By way of example, compare the last season of How I Met Your Mother with the third season’s "No Tomorrows". The former is undeniably a more impressively ambitious storytelling experiment — the entire season’s action takes place across the course of two days leading up to Barney and Robin’s wedding (save for the controversial epilogue, that is). However, there’s no real reason for this approach and no attempt to justify the strange decision thematically. In contrast, the story of “No Tomorrows” is only one episode whose action unfolds in reverse order, Memento-style, but even in one twenty-minute sitcom outing, How I Met Your Mother proves that it can use this format to reveal that what appears to be comically harmless drunken behavior is sad, selfish, and self-destructive when placed in context. It’s a twist that works because it illustrates another side of the character as well as being an interesting way to tell the story, where later seasons simply hoped that the latter quality would make experimental storytelling worthwhile.

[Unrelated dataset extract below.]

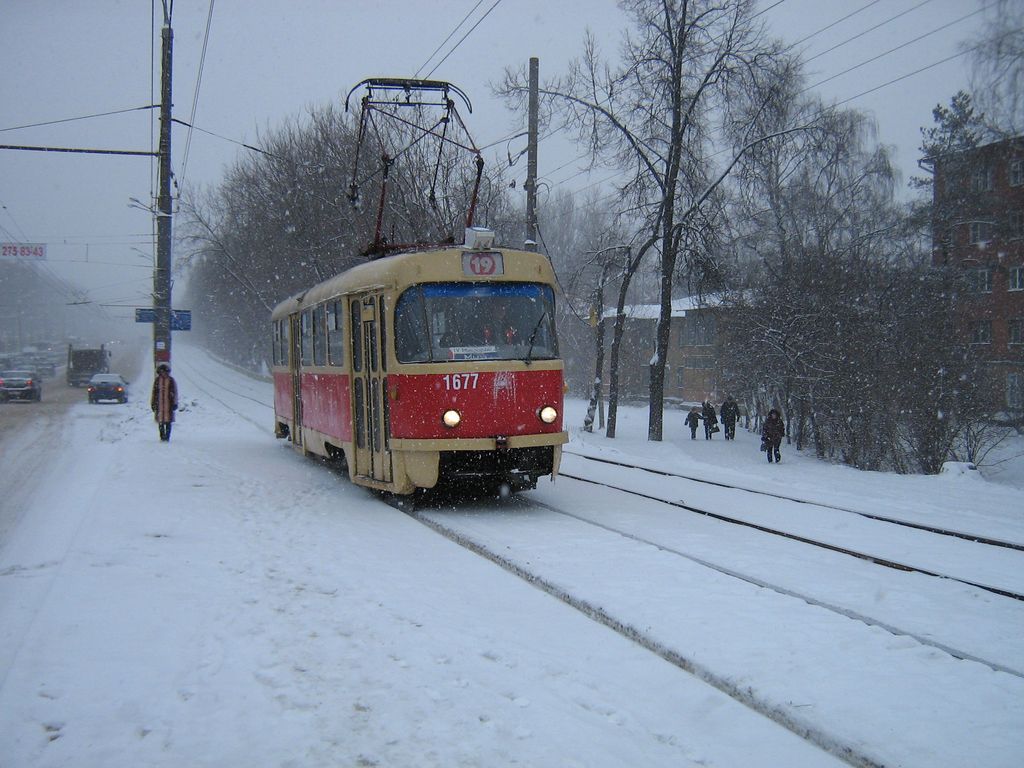 Nizhny Novgorod, Tatra T3SU № 1677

Similar to the over-reliance on experimental storytelling found in the show’s later seasons, How I Met Your Mother also fell into a classic sitcom trap as the show’s profile grew. In its early seasons, How I Met Your Mother utilized cameos with care, but by the time the series was popular enough to earn the attention of Britney Spears, the show was happy to take on cameo appearances for their own sake. Despite Neil Patrick Harris’ annoyance, Spears’ cameo opened the floodgates for a slew of big-name guest stars, many of whom contributed little other than the novelty value of a famous face to the sitcom.

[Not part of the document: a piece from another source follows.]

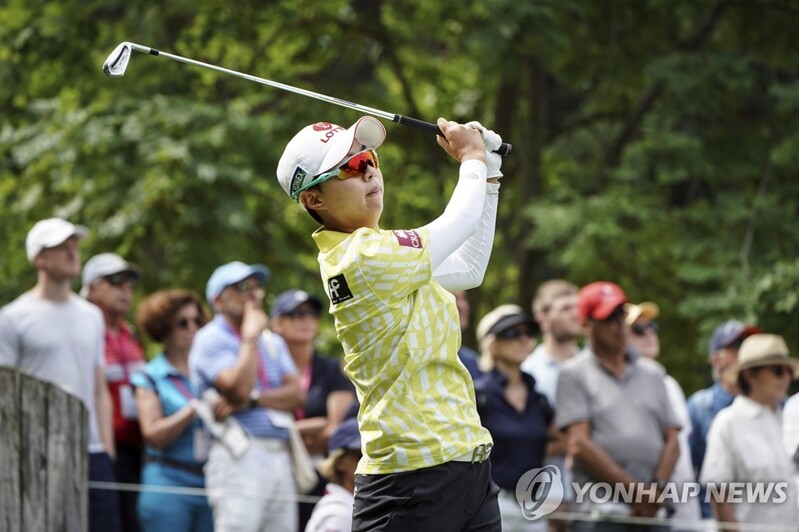 김효주, 여자골프 세계 랭킹 8위로 한 계단 상승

It is almost cliche to note that Ross is not a lot of viewers' favorite cast member from Friends, and yet the neurotic paleontologist was still the character around whom many of the show’s longest-lasting storylines revolved. However, in the case of How I Met Your Mother, this issue is much more instrumental to the critical decline of the show. Ted was not only a disliked protagonist but a disliked narrator, too. The show’s ostensible hero was so widely disliked that at one point a cameo-ing Kyle MacLachlan, who played the Captain, left many viewers rooting for him rather than Ted and his wife (with whom Ted was having an affair). Ted was seen by many viewers as self-centered, indecisive, and callous, something the spinoff series will need to avoid with its central character.

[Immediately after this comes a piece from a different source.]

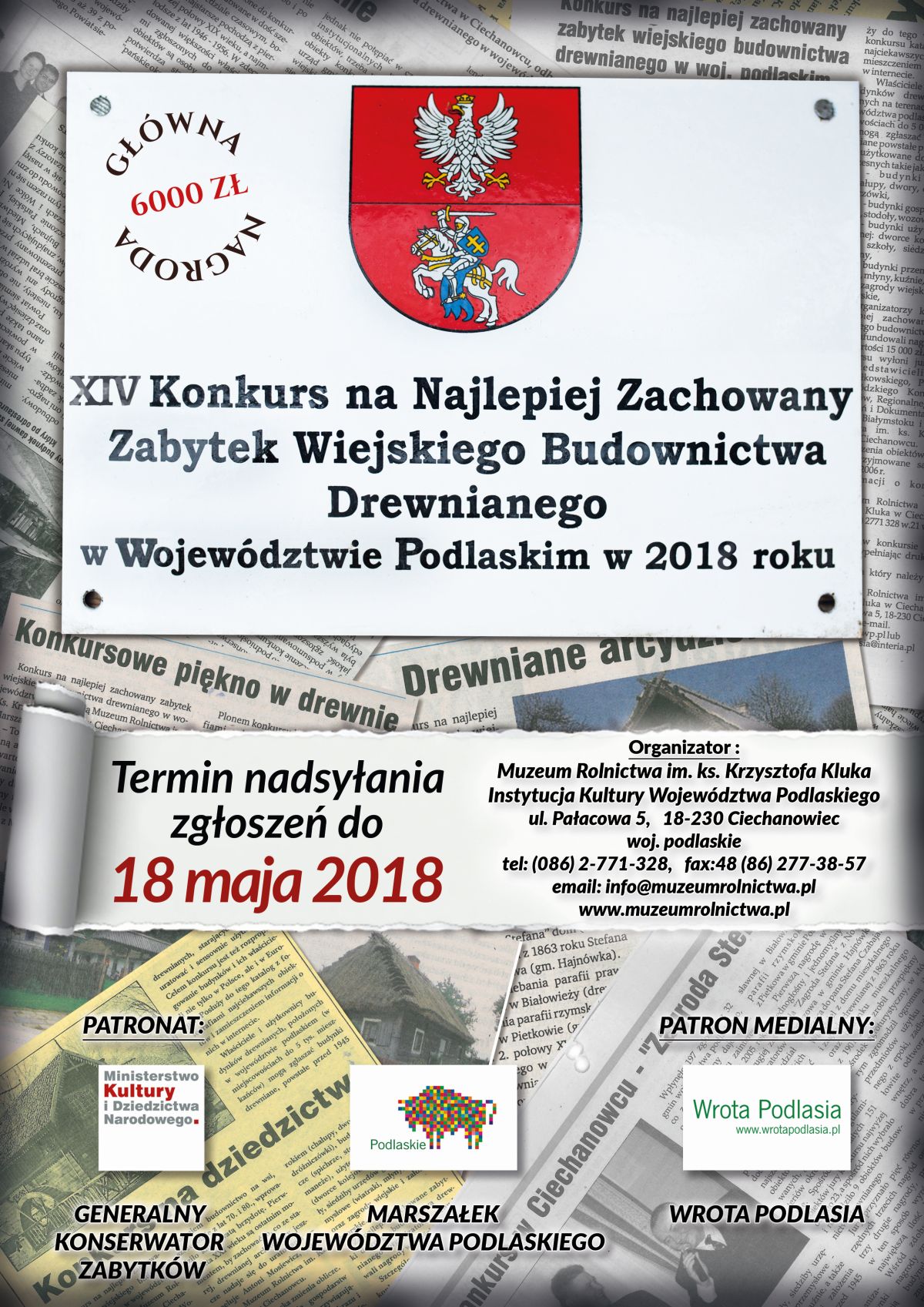 konkurs zabytek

Although many viewers were annoyed by the ending of How I Met Your Mother, for a lot of fans the issue was mostly with the fact that the show seemed to be sticking to an ending that the pilot set up despite the characters changing and growing in the interim. The romantic gesture that Ted makes toward Robin at the close of the pilot is genuinely sweet, but the following nine seasons unequivocally illustrate that the pair is not a good match. As such, many fans felt cheated by an ending that seemed set in stone since the series began, something that How I Met Your Father needs to avoid to keep its central story compelling. How I Met Your Mother’s biggest issue was that the show had its path defined from the first episode, something its upcoming spinoff How I Met Your Father can avoid by simply changing its story as the series progresses and letting the plot grow with the characters, instead of starting from a planned ending and working backward.